Luiz Carlos Oliveira Jr. Crítico de cinema e pesquisador, editor da revista Contracampo.com.br

1 Cf. “Le cinéma à l'heure du maniérisme”, dossiê realizado nos Cahiers du Cinéma nº 370, abril de 1985.
2 Ver Jean-Michel Frodon, “En haut du manguier de Fengshan, immergé dans l'espace et le temps”, em Hou Hsiao-hsien, Paris: Ed. Cahiers du Cinéma, 1999.
3 Em Cahiers du Cinéma nº 569 e 580, respectivamente.
4 Ver “Plan contre flux”, Cahiers nº 566.
5 “Contre la mort du cinéma”, Cahiers nº 574, dezembro de 2002.

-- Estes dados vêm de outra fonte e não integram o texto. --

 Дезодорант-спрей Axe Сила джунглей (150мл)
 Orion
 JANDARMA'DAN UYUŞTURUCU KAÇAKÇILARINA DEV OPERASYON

6 “Acnée et arachnée”, Cahiers nº 569.
7 “Les lois de l'affection”, em Cahiers du Cinéma, fevereiro de 2006. O texto é o último artigo (e o único realmente vigoroso) de um dossiê que buscou sistematizar, sob o conceito um tanto vago de “cinema sutil”, as transformações que ocorreram no cinema nas últimas duas décadas. Esse dossiê sobre “cinema sutil” de certa forma tentou ser para os anos 2000 o que o dossiê sobre maneirismo havia sido para os anos 1980. Mas vale frisar que não conseguiu nem passar perto disso.
8 Ver Francis Bacon, A sabedoria dos antigos, São Paulo: Editoria Unesp, 2002, pp. 52-54.